Mayor: “Come to Jesus” meeting coming if Port Arthur’s trash pickup isn’t resolved soon
Published 12:31 am Wednesday, January 12, 2022
While cans filled with trash sat outside their homes, a majority of the Port Arthur City Council aired their grievances Tuesday morning regarding the lack of trash pickup inside the city.
“In the last 3-4 weeks, the problem has gotten progressively worse,” said Mayor Pro Tem Donald Frank. “Citizens are up in arms, and we’re getting a brunt of this on a daily basis. When I left this morning to come to the meeting — I’m on the Thursday schedule. My garbage can was still out there full of garbage. My neighbor’s garbage cans were overflowing.”
With a growing amount of calls from residents regarding trash pickup being a week or more behind, Councilwoman Ingrid Holmes and Councilman Cal Jones requested an explanation from city staff in Tuesday’s scheduled council meeting.
LETTER TO THE EDITOR: Port Arthur resident seeking answers to city’s trash collection issues.
Dr. Tohme Hani gave a presentation and said two things are driving the problem: the pandemic and a lack of parts.
“Saturday we had five trucks that were running out of the 12,” Hani said.
In his presentation, the city employee said the Public Works Department is working seven days a week to get back on the normal schedule. However, the inability to get parts for trucks that are not in operation, as well as some employees coming down with COVID, impacted the number of trucks that can run each week.
“We do have challenges in certain neighborhoods where garbage was not picked up for two weeks,” Hani told council.
READ MORE: At Tuesday press conference, Port Arthur garbage pickup won’t include tax increase, will deliver solutions.
One truck is back in service today, one should return within the next two days, and two are expected by the end of the week, he added.
But even though most councilmembers thanked the department’s employees for working seven days a week without a break, most found the explanation for the lack of service unacceptable.
“I’ve got a wealth of respect for you,” Jones told Hani. “But at the point you started talking, I was about to tell you to save that because I’ve heard enough of that in the past. We’ve had garbage problems since Harvey. We bought more trucks, and we’re still struggling with trash and garbage.”
Jones said he doesn’t blame the city, but instead himself.
“The buck stops at the city council,” he said. “I want to apologize to the citizens for raising their rates. I feel like a hypocrite. I apologize to the citizens for raising their rates and we can’t provide good services.”

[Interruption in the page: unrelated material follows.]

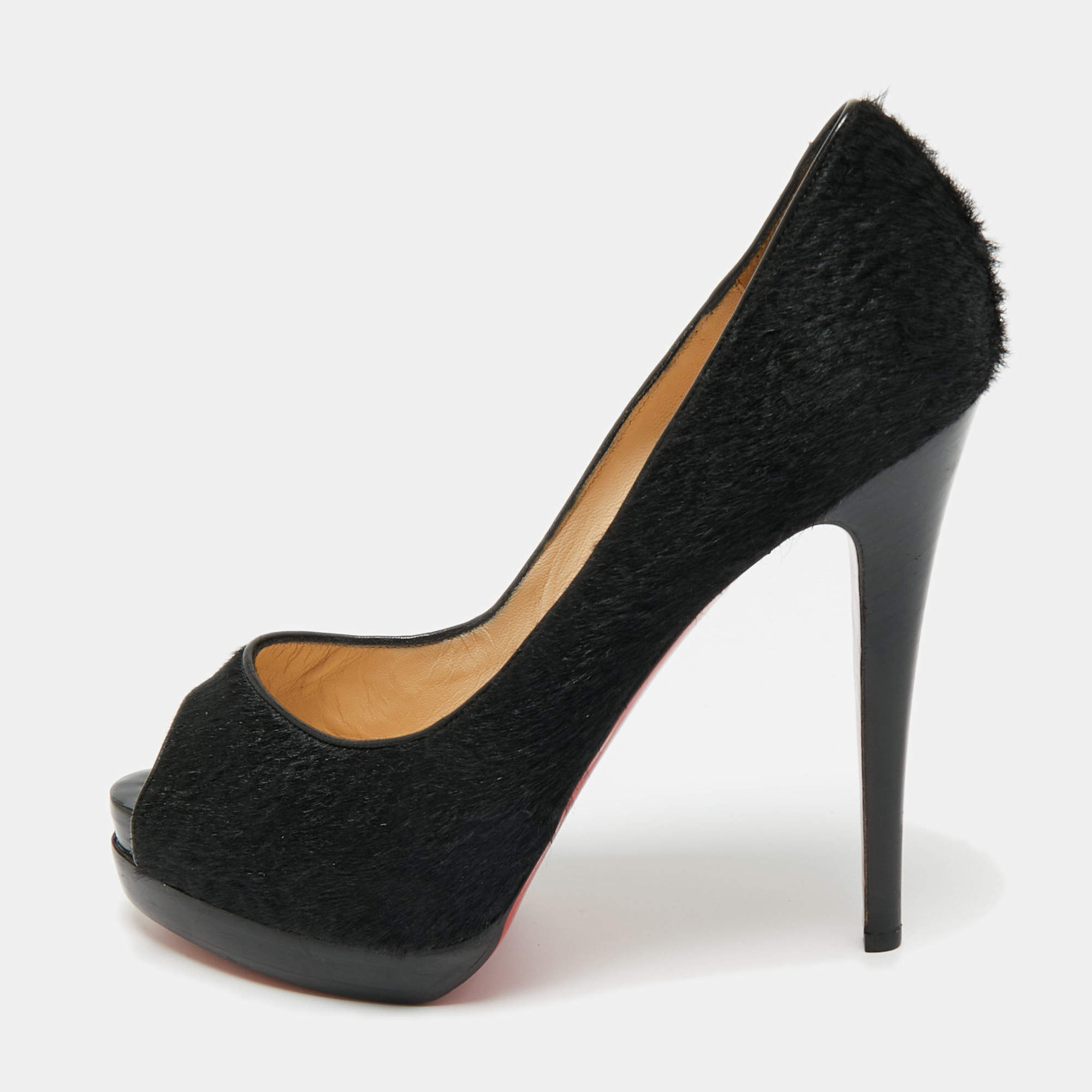 Pre Owned Christian Louboutin Black Calf Hair Palais Royal Platform Pumps Size 39.5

Jones and Councilman Thomas Kinlaw suggested the department look at hiring more employees to handle the load, as well as preparing for the future.
“I’m very unhappy,” Kinlaw said. “We’ve talked about a day and night shift for mechanics. We’ve talked about renting trucks. We’ve talked about toaters and the cost to the city. This plan you’re presenting, we’ve heard it a couple of times.”
The District 3 councilman said the issues reported Tuesday have been the same used in the past, and therefore the city should be preparing for them instead of waiting on them.
“Why aren’t we getting prepared for the bad times?” he asked. “Why don’t we think about the future and surviving? It’s our job to take care of Port Arthur. Why do the trucks keep breaking down? Let’s get ahead of the game and buy the parts.”
Kinlaw said he did not vote in favor of the rate increase last year because he didn’t feel services were operating well enough to validate such a move.
“Every meeting we keep beating a dead horse,” Jones said. “COVID, broken trucks, can’t find trucks — it’s old. All this stuff is old. In my opinion 2022 won’t go like 2021. Everybody can make excuses. And your presentation sounds good. But next week we’ll be back to the same problems. My garbage has been out since last Tuesday.”
Hani said when it comes to COVID, it doesn’t only take one employee out of commission, but anyone that has been around them.
Councilwoman Charlotte Moses sympathized with that, and those employees who have been working without days off to help fill in the gaps.
“I talked to a city employee that had been working 17 straight days driving,” she said. “These are human beings, and I want to say to those employees…that we can see where they are really trying everything they can. These employees have worked hard and not been at home. We have to be mindful that these are human beings driving these trucks, they aren’t machines.”
COVID, she added, isn’t specific to just Port Arthur.
“Everybody’s sick of COVID, but it is a reality and that’s the thing we have to understand,” she said. “The word COVID makes me sick, but it’s a reality every single day. We’re sitting here with masks on because it is a reality. And if you don’t think it is, take off your mask.”
Mayor Thurman Bartie, who put his trash out last Tuesday and had it picked up this Monday, thanked the council for their words before naming a multitude of departments on city staff.
“In six months, if we have not resolved this…then we’re going to have what I like to call a Come to Jesus. As some point, something has to happen.”
City Manager Ron Burton, however, redirected the blame.
“The buck stops with me — the city manager,” he said. “If the council has to take action, take action against the city manager. If this has not been resolved in 30 days, I would not take action against staff. Take action against the city manager.”